With the current wars in the Middle East and in Ukraine there has been much discussion about war crimes, crimes against humanity and indeed, people have spoken about a just war. It has all stopped me in my tracks and I have been asking myself is war itself not a crime. 


When Russian tanks rolled into Ukraine the Russians refused to call it a war, instead they called it a Special Military Operation, indeed they are still calling it that. And we in the West laugh at the misnomer. Of course it’s a war with all the horrible and evil consequences of a bloody war. By calling it a Special Military Operation the Russians, at least in the early days, were attempting to make it sound less savage. 


Both Ukraine and Russia are downplaying or keeping silent about the number of soldiers killed and wounded. It is estimated the Russians have lost 120,000 and the Ukrainians 70,000.


When we learned about the Bucha massacre in the early days of the war we spoke about war crimes. Again, is war itself not a crime?


Expressions such as collateral damage, even the word casualties take the edge off the suffering. In ways it makes a desperate unimaginable situation polite. It sanitises the awfulness of it all.


Words can be mysterious. They can give meaning to things but they can also be used to hide the real meaning. Is that what propaganda is?


And then there are the oxymorons and we trip them off our tongue without the slightest embarrassment. The one that always comes to mind for me is a ‘civil war’. Surely a war is anything but civil.
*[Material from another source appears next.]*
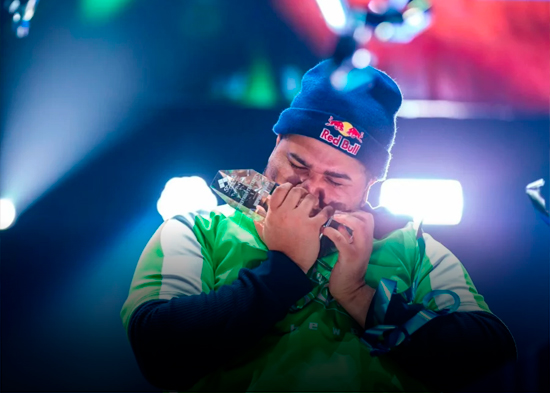 MenaRD hace historia al coronarse campeón en EVO Japón y Las Vegas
Other examples: ill-health, the living dead, a deafening silence, a militant pacifist.


During this current war in Palestine we are constantly hearing words that try to lessen the horror. One moment the Americans are saying they are on the side of the Israelis, the next moment they are pleading for ‘humanitarian aid’. How can you be killing people and trying to protect them at the same time.

 

Have you noticed that people are no longer dying, instead they are passing on or passing away. There is something ironic about using such an expression at a time when there is less talk about a life after death.


Why have we stopped talking about dying and death? Is it that it sounds impolite? It might not be PC? Of far less importance but really worth mentioning is the advertising trick of the ‘free gift’. A gift of its nature is free. Lastly, we are no longer passengers. We are now all customers? I’m lost for words.